Nous avons donc cinq lieux identifiés :
• Église de Josefiberg à St.Paul im Lavanttal , à côté de Loschenthal.
• Legerbuch sur son laissez-passer.
• Legerbuch chez Klingbacher
• Tirola
• Spernich
S’il a été facile de trouver Legerbuch sur les cartes, il a été plus difficile pour Spernich et Tirola. Toutefois après de nombreuses recherches, sur les cartes Autrichiennes via Internet, nous trouvons deux lieux-dit : Spernich et Troller. Franziska nous indique que le mot Troller, prononcé par un Autrichien de la région est entendu par une oreille Francophone comme ‘’Tirola’ et c’est bien ce que Pierre a orthographié…
Nous avons communiqué toutes ces informations à CSF, particulièrement à Franziska. A partir de ces données, elle a rédigé un document résumant notre recherche et l’a envoyé la mairie de St Paul qui l’a transmis à Mme Elvira Klinbacher habitant à St Paul. Elvira a reconnu les fermiers et Hilda sur une des photos que nous avions communiquées. Connaissant la famille d’Hilda, elle a donné ce courrier à l’un des fils de Hilda habitant St Paul ; qui à son tour l’a transmis à Annemarie, une de ses sœurs, second enfant de Hilda.
A partir de ce moment il était clair que nous avions retrouvé Hilda. Malheureusement elle était décédée en février 2015. Aucun de ses enfants n’imaginait que Pierre et Hilda avaient pu nouer une relation en 1944-1945. Pour eux il était certain que leur mère n’avait pas eu d’enfant avant de se marier. Sur les conseils de Franziska, nous avons alors accepté de ne pas aller plus loin dans nos recherches, afin de ne pas davantage perturber la vie de cette famille.
C’est alors, après quelques échanges téléphoniques entre Franziska et Annemarie Menner (seconde fille de Hilda), qu’Annemarie a souhaité échanger directement avec nous. Nous avons alors commencé à correspondre directement par mails en Anglais, accompagnés très souvent de photos. Ces échanges perdurent à ce jour.

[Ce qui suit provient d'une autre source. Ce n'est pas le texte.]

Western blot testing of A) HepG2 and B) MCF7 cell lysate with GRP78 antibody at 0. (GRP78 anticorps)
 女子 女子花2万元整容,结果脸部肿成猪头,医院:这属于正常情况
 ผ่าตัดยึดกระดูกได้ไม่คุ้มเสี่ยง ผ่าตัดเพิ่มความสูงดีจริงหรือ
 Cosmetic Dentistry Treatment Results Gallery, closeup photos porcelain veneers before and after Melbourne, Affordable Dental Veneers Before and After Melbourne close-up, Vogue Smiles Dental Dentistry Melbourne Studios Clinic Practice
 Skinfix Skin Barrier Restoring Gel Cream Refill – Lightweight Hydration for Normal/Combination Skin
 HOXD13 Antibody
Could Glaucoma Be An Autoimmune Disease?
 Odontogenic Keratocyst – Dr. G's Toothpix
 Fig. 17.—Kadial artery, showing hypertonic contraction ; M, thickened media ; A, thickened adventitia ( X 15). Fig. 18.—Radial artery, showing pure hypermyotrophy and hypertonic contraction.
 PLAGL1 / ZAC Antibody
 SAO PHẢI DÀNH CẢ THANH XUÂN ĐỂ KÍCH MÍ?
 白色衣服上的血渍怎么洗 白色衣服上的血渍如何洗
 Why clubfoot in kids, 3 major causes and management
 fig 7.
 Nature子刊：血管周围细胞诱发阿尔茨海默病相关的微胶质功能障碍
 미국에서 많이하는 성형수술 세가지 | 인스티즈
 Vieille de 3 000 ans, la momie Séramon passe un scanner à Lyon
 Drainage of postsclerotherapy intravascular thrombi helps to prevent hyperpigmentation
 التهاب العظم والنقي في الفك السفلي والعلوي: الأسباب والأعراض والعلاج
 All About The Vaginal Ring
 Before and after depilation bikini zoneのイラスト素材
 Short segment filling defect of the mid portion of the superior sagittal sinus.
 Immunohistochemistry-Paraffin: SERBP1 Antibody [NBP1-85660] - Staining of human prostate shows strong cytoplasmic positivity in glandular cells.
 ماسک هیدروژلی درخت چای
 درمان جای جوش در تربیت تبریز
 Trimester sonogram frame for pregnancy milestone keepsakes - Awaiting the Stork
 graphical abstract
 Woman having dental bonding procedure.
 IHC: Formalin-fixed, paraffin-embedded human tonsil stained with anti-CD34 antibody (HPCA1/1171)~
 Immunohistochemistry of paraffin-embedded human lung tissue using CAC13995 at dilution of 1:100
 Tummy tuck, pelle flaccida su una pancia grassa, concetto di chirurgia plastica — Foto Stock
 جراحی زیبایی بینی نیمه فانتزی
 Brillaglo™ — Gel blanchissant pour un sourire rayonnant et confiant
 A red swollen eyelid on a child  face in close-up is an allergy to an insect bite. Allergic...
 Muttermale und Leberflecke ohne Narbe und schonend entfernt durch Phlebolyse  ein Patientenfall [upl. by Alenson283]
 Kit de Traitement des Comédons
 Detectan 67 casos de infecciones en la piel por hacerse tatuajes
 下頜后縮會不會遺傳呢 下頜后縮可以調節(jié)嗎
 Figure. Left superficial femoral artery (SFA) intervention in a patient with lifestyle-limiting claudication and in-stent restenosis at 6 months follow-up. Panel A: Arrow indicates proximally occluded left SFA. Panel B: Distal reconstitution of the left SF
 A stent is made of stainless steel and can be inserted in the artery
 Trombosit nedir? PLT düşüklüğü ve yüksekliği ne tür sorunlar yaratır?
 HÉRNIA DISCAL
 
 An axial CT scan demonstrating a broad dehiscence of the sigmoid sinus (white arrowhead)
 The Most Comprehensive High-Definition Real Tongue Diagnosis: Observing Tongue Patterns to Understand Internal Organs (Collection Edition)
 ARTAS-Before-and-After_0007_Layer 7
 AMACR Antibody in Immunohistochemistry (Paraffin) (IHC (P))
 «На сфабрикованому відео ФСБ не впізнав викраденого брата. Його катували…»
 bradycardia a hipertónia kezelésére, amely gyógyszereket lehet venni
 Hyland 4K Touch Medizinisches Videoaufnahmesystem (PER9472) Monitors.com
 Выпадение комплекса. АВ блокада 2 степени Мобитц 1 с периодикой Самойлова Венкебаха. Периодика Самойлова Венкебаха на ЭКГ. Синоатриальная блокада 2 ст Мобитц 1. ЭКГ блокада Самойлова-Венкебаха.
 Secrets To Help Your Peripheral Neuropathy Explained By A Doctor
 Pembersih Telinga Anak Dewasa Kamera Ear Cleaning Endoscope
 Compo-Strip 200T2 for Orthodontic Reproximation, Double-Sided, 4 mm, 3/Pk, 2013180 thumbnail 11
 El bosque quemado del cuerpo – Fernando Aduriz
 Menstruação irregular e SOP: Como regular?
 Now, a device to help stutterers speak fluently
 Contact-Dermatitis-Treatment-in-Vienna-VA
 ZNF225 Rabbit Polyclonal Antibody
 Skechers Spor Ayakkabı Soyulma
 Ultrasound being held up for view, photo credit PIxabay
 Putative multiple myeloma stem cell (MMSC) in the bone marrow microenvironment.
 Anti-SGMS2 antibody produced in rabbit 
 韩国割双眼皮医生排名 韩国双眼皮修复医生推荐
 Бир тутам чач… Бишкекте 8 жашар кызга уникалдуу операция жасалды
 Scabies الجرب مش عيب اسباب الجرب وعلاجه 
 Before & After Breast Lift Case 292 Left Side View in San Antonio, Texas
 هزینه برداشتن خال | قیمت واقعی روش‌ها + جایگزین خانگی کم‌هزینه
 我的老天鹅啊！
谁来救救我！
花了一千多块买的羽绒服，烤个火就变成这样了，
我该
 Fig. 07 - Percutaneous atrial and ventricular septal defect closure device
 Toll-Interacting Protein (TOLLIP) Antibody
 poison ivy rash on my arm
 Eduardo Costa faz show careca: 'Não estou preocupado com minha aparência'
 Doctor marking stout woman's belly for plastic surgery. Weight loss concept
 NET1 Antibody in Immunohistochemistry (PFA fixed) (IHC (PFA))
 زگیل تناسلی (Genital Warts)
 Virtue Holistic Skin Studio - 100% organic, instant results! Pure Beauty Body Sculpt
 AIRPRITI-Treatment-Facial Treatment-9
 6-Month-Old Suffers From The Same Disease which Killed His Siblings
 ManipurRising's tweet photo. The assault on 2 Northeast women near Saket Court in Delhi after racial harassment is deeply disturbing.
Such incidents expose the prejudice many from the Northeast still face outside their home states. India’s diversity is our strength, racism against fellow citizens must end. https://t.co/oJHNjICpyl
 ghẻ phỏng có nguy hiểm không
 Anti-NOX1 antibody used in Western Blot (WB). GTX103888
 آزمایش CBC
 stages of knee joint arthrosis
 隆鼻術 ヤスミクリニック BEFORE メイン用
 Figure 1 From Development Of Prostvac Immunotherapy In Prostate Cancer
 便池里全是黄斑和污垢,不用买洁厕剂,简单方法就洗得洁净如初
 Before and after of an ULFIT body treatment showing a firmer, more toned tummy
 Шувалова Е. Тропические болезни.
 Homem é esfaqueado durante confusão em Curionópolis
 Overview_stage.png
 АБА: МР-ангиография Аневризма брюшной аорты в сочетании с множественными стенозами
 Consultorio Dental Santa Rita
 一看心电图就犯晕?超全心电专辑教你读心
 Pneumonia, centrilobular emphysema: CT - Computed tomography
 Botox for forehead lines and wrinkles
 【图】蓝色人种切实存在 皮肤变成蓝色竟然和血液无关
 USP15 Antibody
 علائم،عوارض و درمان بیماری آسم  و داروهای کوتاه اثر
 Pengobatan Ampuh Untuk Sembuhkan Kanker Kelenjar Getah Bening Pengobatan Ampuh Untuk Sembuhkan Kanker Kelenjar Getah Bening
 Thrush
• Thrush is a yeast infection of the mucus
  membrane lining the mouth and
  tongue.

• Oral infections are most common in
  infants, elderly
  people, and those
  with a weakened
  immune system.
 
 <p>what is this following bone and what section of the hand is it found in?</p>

Annemarie a beaucoup évoqué la vie de sa mère, elle savait que celle-ci, habitant St Paul, travaillait dans une ferme ‘des environs’ pendant la guerre. Elle a beaucoup regretté de ne plus pouvoir échanger avec elle de cette période : elle nous aurait dit la vérité. Elle considère que Hilda, dans une région comme St Paul n’aurait pas été en mesure de cacher une grossesse ni d’avorter, ce qui n’était pas possible à cette époque dans une région profondément catholique. Afin de lever définitivement cette possibilité de naissance, Annemarie a consulté les registres d’état civil de St Paul. La réponse est sans équivoque, Hilda n’a pas eu d’enfant avant son mariage.
Nous ne saurons donc jamais pourquoi notre père voulait retourner en Autriche pour retrouver Hilda qui était enceinte, selon lui. Il n’avait quitté l’Autriche que sous la contrainte physique de ses camarades.
Avec Annemarie nous avons continué les échanges qui sont devenus plus personnels et que nous n’évoquerons pas ici.
Annemarie a retrouvé la ferme Tirola (Troller), a rencontré des personnes ayant connu les fermiers pour lesquels Pierre et Hilda travaillaient. Elle nous a communiqué le nom des fermiers ainsi que le prénom d’une petite fille apparaissant sur plusieurs photos et avec laquelle Pierre jouait : Marie. Personne ne sait ce qu’elle est devenue…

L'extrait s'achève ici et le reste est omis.